Report: Bill Gates Now the Largest Private Owner of American Farmland
It’s the culmination of a long trend of the rich using farmland as an investment.
Report: Bill Gates Now the Largest Private Owner of American Farmland
It’s the culmination of a long trend of the rich using farmland as an investment.
When you’re a billionaire, your money problems are different than for non-billionaires.
Instead of figuring out just how much you can allocate each month to paying off student loan debt, billionaires have the issue of figuring out what to do with all of their money. Farmland is one of the best places to stick that money, and one of the world’s richest men, Bill Gates, has been investing an awful lot of money into American farmland. In fact, the Land Report recently noted that Gates (and his wife, Melinda) are the biggest private owners of farmland in the country.
Forbes notes, in its reporting on the topic, that Gates has some agriculture-related projects going, but investing in farmland is becoming more and more common for the wealthy, and is not usually related to philanthropy at all. In fact, farmland is one of the most stable investment bets out there, one with a limited supply and consistent returns. From another Forbes article: “From 1992 to 2016 farmland yielded an impressive 12% return vs. real estate (NCREIF) at 8.7%, and the Russell Stocks Index 3000 at 8.8%.”
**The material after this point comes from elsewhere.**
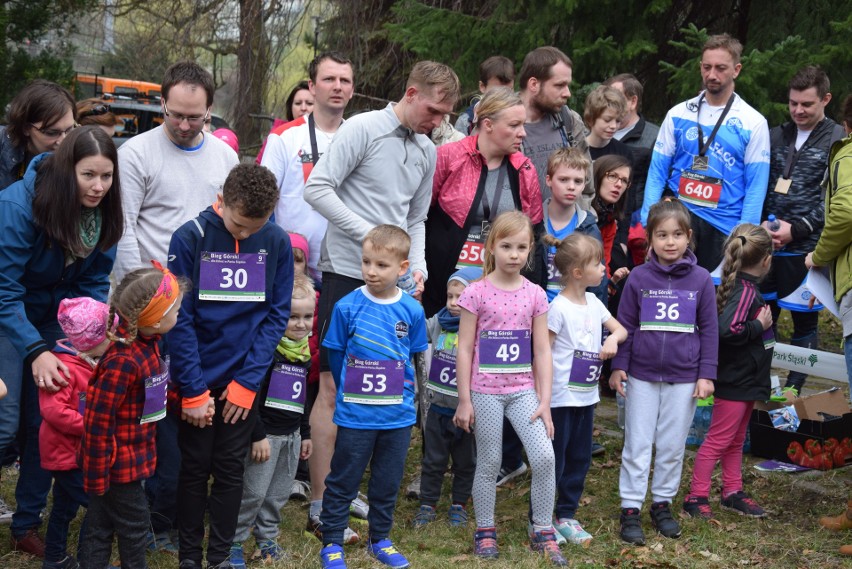 Chorzów: prawie 400 biegaczy wzięło udział z Biegu Górskim....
Farmland can serve as an investment by purchasing and then renting out the land to farmers, and the actual value of the land also rises as the owner holds it. It is, typically, a simple real estate play. But when someone like Bill Gates owns nearly 250,000 acres of farmland across eight states, how does that affect, you know, farmers?
As of 2019, around 40 percent of American farmland is rented to tenants, who then operate on it. One of the consequences of farm operators not actually owning their land is figuring out where farm subsidy money goes; much of it trickles to the actual owner of the land, who may just be treating farmland as a basic real estate investment.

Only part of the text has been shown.